EXERCISE AIM.
Beginning at the line that contains "Impo black boots", write out every line down to the end of the records, with both ends kept and nothing added.

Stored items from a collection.

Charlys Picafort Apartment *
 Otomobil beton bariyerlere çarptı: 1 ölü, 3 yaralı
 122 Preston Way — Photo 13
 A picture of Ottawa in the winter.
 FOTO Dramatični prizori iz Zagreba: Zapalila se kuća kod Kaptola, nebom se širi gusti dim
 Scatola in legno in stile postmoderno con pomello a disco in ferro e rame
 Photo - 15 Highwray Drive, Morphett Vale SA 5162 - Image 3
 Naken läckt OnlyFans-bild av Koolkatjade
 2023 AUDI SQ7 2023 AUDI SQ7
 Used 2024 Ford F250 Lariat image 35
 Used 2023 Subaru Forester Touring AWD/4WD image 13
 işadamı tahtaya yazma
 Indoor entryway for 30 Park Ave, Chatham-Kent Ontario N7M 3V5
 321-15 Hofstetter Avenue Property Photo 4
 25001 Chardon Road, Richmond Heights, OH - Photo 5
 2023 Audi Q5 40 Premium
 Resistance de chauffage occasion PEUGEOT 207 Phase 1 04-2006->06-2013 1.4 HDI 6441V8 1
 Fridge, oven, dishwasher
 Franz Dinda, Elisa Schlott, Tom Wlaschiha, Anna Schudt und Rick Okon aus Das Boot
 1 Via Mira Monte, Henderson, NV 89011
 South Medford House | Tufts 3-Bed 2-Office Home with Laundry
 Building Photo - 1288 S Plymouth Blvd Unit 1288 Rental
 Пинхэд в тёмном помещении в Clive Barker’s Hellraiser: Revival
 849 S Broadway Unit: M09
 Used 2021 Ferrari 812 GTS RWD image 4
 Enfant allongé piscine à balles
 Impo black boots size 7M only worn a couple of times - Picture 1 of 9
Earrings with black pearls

OUTPUT BELOW.
 Impo black boots size 7M only worn a couple of times - Picture 1 of 9
Earrings with black pearls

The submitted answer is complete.